A new study has shocking results about beta blocker use in heart-attack survivors.
Beta blockers are not needed after a heart attack if heart attack survivors are taking ACE inhibitors and statins, according to a new study.
The study, published in the Journal of the American College of Cardiology, is the first to challenge the current clinical guideline that heart attack survivors should take all three drugs: beta blockers, ACE inhibitors and statins-for the rest of their lives.
Researchers looked at more than 90,000 Medicare patients age 65 or older who had suffered a heart attack and were prescribed a beta blocker, ACE inhibitor or angiotensin receptor blocker and statin as preventive therapies after they were discharged from the hospital.
Patients who only took the ACE inhibitor or an angiotensin receptor blocker and statin, as prescribed, were no more likely to die than those who took all three drugs.
The retrospective cohort study used a 100% sample from Medicare Chronic Condition Data Warehouse research files, including medical services and prescription Part D event files.

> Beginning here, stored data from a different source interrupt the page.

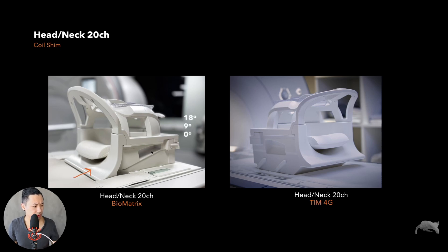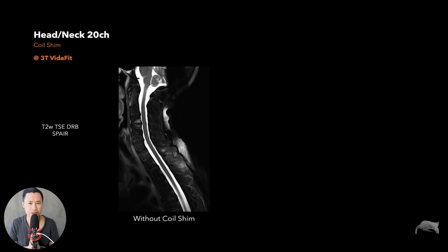The main difference between the two is the angulation feature — you can angulate it in two or three notches, making it easier for patients with very angulated necks. The other key difference is the coil shim right here. This part is very good for better homogeneity, better head neck imaging, and better spine imaging.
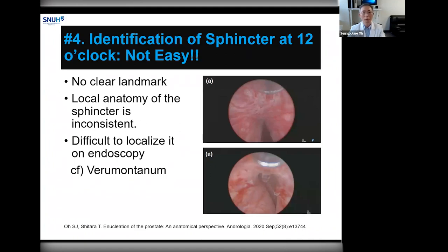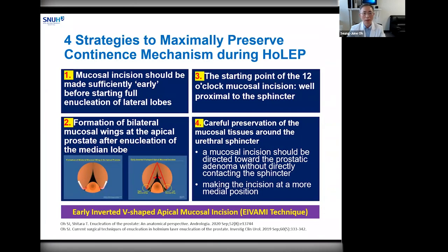Last, identification of the urethral sphincter at the 12 o'clock position endoscopically is not easy. Many surgeons describe the sphincter location at 12 o'clock as just opposite to the verumontanum, but practically there is no clear landmark for it. The local anatomy of the sphincter is not consistent, and it's difficult to exactly localize the urethral sphincter at the 12 o'clock position endoscopically. With all these in mind, I have applied sphincter anatomy to my surgery, modifying my technique over the last 13 years. I now have clinical outcomes with very few patients suffering from postoperative urinary incontinence. Here I have summarized four strategies to maximally prevent urinary incontinence during HoLEP.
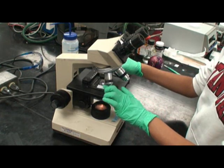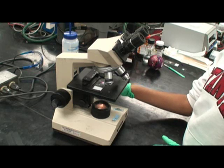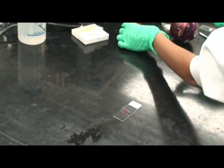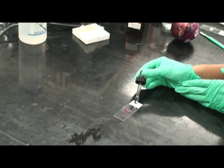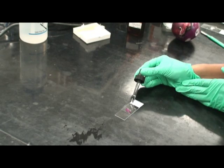Examine under low then medium magnification until you find an area where you can clearly see individual pigmented cells. Draw a drop of plasmolysis solution under the cover slip while observing the onion cells under the scope.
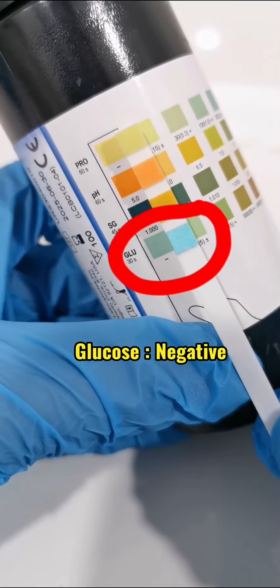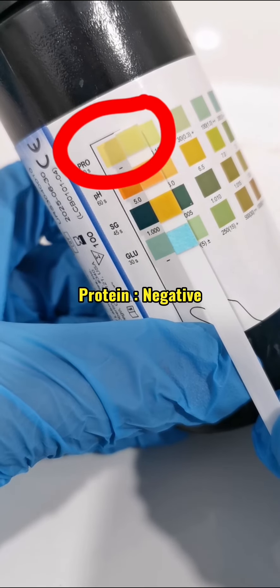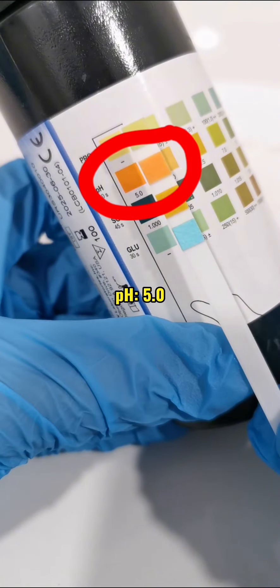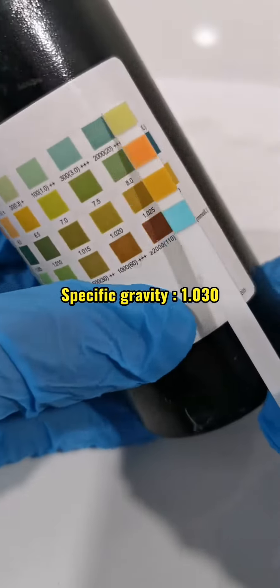Compare the strip to the chart. Glucose: negative. Protein: negative. pH: 5.0. Specific gravity: 1.030.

Regression analysis adjusted for patient baseline sociodemographic and clinical characteristics was applied to address the research questions.
Fang
Gang Fang, PharmD, MS, PhD, an assistant professor at the UNC Eshelman School of Pharmacy and colleagues, found that:
· For patients who took all three drugs as prescribed, the mortality rate at one year was 9.3%.
· For patients who adhered to ACE inhibitor or ARBs and statin prescriptions but not beta blockers, the mortality rate was 9.1%, a statistically insignificant difference.
· For patients not taking any of the medicines as prescribed, the mortality rate was 14.3%, a nearly 54% increase over adherent patients.
“If elderly heart attack survivors are consistently taking an ACE inhibitor or ARB and statin therapy but are unable to take the beta-blocker as prescribed, there is not a significant effect on mortality,” says Fang, senior author of the study.
“In other words, taking beta blockers as prescribed does not further reduce the risk of death among elderly heart attack survivors when they take ACE inhibitors/ARBs and statins as prescribed,” Fang says.
More than half of patients became non-adherent to evidence-based therapies within six months after they were discharged from hospital for heart attack, says Fang.
“This puts these patients at enormous risk for death or costly hospital readmissions for another heart attack, stroke and heart failure,” he says. “On the other side, these elderly heart attack patients on average were taking more than 10 different medications and the burden of taking so many medications and risk for side effects and drug-drug interaction is also high. Many of them just could not take all the medications in long term. Understanding treatment regimen with less complexity but similar health outcomes may help address this paradox problem.”
In previous studies, Fang and colleagues noticed many patients were not adherent to all three therapies recommended by clinical guidelines after heart attack.